According to Coulomb’s Law, what happens to the force when the distance increase between 2 particles?

Physics

1 answer:

ohaa [14]2 years ago

8 0

Answer:

The size of the force varies inversely as the square of the distance between the two charges. Therefore, if the distance between the two charges is doubled, the attraction or repulsion becomes weaker, decreasing to one-fourth of the original value.

Explanation:

Coulomb’s law, mathematical description of the electric force between charged objects. Formulated by the 18th-century French physicist Charles-Augustin de Coulomb, it is analogous to Isaac Newton’s law of gravity.

Both gravitational and electric forces decrease with the square of the distance between the objects, and both forces act along a line between them.
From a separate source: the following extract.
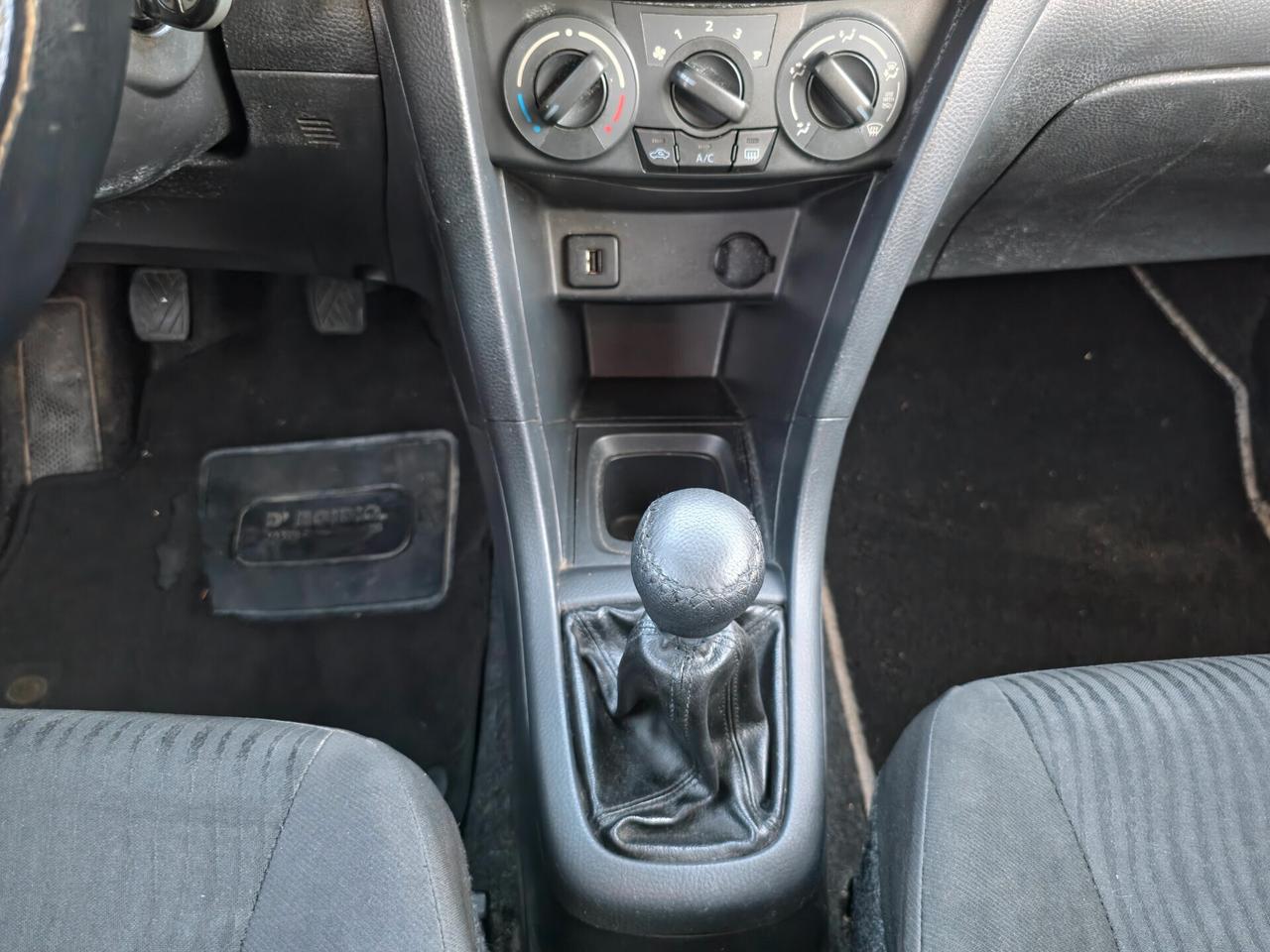 Suzuki Swift 1.3 DDiS 3 porte GL Top CV-75 E5 Manuale NEO 2011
In Coulomb’s law, however, the magnitude and sign of the electric force are determined by the electric charge, rather than the mass, of an object. Thus, charge determines how electromagnetism influences the motion of charged objects. Charge is a basic property of matter. Every constituent of matter has an electric charge with a value that can be positive, negative, or zero.

Coulomb's Law says that the force between 2 charges is proportional to the product of the quantities of charge on each and inversely proportional to the square of the distance between them. The formula for Coulomb's Law is $F=k\frac{q_{1}q_{2} }{r^{2} }$ .

$F$ is the force.

$k$ is the Coulomb's constant ( $8.987*10^{9} \frac{Nm^{2} }{C^{2} }$ ).

$q_{1}$ is the electric charge of object 1.

$q_{2}$ is the electric charge of object 2.

$r$ is the distance between the two charges.

Electric force is inversely proportional to ( $r^{2}$ ) instead of ( $r$ ). As the distance between charges increases, the electric force decreases by a factor of $\frac{1}{r^{2} }$ .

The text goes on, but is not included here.